Todas las máscaras para mí tienen un valor, no tengo una que signifique más. Ya sea diseñada para un luchador profesional o un amateur, absolutamente todas tienen una importancia grande.

  L: ¿A qué personajes reconocidos de la lucha libre en México les has hecho máscaras?

A La Parka, Octagón, Alebrije, Máscara Sagrada, Los Villanos, Blue Panther, ha sido una infinidad de máscaras que he hecho para luchadores.

  L: Para crear alguna máscara, ¿has tomado de inspiración a la Ciudad de México?

Hubo un luchador en los años ochenta que luchaba como “El Centenario”,  él me pidió un diseño acorde a su nombre y tomé como inspiración el Ángel de la Independencia, plasmándole éste en la parte frontal de su máscara. Esa sería la única en la que he tomado a la Ciudad de México como inspiración.

  L: ¿Qué opinas de que ahora la lucha libre sea considerada Patrimonio Cultural Intangible en la Ciudad de México?

Es algo que se venía buscando desde hace mucho tiempo, y es importante que se haya logrado porque es un deporte popular, atrae bastante a las personas de todos los niveles socioeconómicos en todas sus funciones luchisticas.

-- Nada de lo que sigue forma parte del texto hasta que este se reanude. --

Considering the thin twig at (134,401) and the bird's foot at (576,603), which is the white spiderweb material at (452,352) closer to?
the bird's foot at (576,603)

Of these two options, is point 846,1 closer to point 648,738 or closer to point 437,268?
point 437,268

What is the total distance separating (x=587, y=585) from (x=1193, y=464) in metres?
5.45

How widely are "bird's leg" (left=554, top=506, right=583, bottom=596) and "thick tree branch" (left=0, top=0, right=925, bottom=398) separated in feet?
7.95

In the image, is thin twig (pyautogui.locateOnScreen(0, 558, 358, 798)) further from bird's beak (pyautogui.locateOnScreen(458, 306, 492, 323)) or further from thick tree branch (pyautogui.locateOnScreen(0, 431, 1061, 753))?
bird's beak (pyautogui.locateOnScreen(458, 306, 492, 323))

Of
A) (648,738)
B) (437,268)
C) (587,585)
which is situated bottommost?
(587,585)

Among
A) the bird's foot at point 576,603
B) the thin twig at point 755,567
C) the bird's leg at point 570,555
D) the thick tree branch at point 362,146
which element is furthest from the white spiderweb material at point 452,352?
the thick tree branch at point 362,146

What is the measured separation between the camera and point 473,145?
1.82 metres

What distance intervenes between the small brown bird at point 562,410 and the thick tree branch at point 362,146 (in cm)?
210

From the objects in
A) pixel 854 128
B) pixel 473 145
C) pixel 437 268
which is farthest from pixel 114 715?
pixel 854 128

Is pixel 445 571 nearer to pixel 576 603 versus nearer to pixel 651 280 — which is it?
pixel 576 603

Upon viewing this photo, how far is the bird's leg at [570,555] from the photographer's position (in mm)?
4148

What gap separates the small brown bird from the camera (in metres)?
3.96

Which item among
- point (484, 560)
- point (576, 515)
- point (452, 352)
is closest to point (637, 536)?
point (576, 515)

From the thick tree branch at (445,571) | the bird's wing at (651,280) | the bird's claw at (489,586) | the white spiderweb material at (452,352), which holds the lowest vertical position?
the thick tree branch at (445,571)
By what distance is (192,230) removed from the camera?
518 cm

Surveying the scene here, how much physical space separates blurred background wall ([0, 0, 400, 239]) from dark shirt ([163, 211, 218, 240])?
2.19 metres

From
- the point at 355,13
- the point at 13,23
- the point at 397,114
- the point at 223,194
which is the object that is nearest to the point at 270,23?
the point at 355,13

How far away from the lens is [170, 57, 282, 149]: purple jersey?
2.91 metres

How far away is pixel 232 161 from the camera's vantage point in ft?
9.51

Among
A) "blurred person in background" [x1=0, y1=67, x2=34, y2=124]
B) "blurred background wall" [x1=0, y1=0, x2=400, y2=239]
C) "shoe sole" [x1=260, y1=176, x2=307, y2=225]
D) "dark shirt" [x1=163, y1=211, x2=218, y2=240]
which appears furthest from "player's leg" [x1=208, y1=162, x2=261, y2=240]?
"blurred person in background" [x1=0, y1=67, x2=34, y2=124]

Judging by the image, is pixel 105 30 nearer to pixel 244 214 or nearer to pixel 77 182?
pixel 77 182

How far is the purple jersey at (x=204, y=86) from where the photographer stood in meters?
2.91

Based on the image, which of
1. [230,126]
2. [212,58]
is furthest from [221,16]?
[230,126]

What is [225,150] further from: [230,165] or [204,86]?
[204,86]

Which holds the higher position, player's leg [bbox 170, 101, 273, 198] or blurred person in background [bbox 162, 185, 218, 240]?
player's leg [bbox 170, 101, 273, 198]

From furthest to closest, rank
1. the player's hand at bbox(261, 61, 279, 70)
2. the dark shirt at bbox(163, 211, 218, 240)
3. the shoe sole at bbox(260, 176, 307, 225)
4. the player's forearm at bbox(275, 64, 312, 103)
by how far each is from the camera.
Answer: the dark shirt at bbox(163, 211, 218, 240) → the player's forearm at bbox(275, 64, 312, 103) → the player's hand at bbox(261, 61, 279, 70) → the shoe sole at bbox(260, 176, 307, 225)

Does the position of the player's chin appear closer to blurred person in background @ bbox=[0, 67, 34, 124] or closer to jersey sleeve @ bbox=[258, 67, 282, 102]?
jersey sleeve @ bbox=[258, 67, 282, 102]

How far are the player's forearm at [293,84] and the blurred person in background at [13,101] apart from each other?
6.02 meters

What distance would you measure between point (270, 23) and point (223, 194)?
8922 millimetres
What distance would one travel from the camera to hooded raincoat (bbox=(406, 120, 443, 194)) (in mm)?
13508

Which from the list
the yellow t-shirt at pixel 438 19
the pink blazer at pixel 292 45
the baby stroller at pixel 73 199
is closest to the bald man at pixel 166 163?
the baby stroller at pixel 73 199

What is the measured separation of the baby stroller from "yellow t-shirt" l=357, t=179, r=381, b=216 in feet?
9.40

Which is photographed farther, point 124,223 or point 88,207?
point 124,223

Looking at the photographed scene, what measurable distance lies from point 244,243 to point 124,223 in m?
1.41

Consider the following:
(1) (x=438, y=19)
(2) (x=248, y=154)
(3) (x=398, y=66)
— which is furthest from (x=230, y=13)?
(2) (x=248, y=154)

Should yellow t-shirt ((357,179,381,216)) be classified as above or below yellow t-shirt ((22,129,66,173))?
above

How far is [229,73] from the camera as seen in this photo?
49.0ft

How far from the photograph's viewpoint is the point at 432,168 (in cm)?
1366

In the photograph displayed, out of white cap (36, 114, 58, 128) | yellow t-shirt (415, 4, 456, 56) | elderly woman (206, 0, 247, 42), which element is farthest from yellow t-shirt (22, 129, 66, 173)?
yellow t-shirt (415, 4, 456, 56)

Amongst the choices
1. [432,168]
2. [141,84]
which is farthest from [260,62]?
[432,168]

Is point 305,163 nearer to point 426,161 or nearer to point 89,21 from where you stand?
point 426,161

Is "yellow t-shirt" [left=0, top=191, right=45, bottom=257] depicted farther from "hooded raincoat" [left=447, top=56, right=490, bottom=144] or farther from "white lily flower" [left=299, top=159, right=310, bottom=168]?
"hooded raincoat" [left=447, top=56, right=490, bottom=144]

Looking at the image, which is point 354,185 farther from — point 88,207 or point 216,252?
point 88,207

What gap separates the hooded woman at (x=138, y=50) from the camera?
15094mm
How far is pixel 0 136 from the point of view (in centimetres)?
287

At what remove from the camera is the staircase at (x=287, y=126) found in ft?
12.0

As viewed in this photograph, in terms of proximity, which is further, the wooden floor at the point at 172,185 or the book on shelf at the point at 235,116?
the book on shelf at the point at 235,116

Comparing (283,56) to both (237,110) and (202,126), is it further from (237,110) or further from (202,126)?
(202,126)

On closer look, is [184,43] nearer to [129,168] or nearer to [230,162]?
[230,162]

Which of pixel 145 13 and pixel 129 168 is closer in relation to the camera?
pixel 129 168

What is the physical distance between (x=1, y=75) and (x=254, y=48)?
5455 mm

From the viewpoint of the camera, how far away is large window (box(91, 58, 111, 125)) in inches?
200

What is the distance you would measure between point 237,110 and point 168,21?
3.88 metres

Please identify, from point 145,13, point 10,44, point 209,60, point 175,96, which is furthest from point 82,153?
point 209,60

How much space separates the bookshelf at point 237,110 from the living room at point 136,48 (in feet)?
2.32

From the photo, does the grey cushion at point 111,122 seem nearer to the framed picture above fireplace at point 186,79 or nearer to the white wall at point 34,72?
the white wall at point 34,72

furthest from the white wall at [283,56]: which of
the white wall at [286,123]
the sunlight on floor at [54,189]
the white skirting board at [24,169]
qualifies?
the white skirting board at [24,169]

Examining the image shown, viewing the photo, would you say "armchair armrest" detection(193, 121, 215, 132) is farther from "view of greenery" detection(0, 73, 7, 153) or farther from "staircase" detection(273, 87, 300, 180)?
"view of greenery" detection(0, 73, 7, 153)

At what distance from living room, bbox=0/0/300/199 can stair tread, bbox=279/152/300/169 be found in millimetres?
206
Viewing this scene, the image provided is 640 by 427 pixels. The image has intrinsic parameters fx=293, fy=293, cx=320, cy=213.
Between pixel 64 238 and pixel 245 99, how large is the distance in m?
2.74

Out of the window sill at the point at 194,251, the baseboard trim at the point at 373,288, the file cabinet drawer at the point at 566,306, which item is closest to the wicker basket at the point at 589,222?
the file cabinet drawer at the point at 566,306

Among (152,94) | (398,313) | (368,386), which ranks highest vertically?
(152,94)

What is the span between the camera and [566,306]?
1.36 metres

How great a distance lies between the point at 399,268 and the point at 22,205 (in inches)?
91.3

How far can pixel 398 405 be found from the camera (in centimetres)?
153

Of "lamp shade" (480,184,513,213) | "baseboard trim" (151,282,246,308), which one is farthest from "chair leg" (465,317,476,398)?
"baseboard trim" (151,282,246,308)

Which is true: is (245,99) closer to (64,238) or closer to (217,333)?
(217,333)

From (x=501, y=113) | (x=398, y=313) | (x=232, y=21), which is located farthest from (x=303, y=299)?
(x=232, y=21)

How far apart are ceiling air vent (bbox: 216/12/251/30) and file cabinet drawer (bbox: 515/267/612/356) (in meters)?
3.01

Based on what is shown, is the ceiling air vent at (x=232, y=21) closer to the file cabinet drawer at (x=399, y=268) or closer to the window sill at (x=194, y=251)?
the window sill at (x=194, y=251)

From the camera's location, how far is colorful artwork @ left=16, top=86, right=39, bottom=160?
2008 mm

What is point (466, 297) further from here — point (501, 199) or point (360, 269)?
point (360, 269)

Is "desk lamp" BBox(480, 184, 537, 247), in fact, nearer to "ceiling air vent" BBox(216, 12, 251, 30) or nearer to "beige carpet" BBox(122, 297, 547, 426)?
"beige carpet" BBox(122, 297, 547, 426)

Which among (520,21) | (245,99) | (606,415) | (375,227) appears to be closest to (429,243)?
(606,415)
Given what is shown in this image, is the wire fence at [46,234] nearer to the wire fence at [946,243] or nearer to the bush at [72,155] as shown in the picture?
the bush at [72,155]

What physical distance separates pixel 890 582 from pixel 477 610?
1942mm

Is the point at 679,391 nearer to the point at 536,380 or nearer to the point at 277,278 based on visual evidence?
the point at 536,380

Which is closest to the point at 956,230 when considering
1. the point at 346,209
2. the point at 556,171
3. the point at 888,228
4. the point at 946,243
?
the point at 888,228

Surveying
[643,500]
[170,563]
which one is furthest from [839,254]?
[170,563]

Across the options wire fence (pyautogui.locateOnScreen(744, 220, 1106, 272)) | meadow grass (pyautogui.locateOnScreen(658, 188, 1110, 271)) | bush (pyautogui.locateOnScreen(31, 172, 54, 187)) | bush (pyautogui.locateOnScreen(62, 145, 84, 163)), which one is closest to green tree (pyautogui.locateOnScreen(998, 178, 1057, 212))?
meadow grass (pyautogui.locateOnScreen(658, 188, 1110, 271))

  L: ¿Qué representa para ti que la lucha libre sea parte fundamental del Patrimonio Cultural Intangible de la ciudad?

¡Es un orgullo saber que es Patrimonio Cultural Intangible de la ciudad! Y yo, como fabricador de máscaras, como parte de esa historia, es muy importante que se le haya dado ese valor histórico a la Lucha Libre de México, ya que es catalogada como la mejor del mundo.

Con esto, personas dentro del país y extranjeras, sabrán que la Lucha Libre tiene una distinción y orgullo que, como fabricante de máscaras y ex luchador, seamos reconocidos a nivel internacional.

La máscara, una pieza invaluable para la historia luchistica y, la Lucha Libre mexicana como Patrimonio Cultural Intangible de la CIudad de México, son parte de nuestras ricas e inmensas tradiciones en el país, las cuales nos dan una identidad única en el mundo. ¡Te invitamos a preservar y a disfrutar orgullosamente del deporte de los pancracios!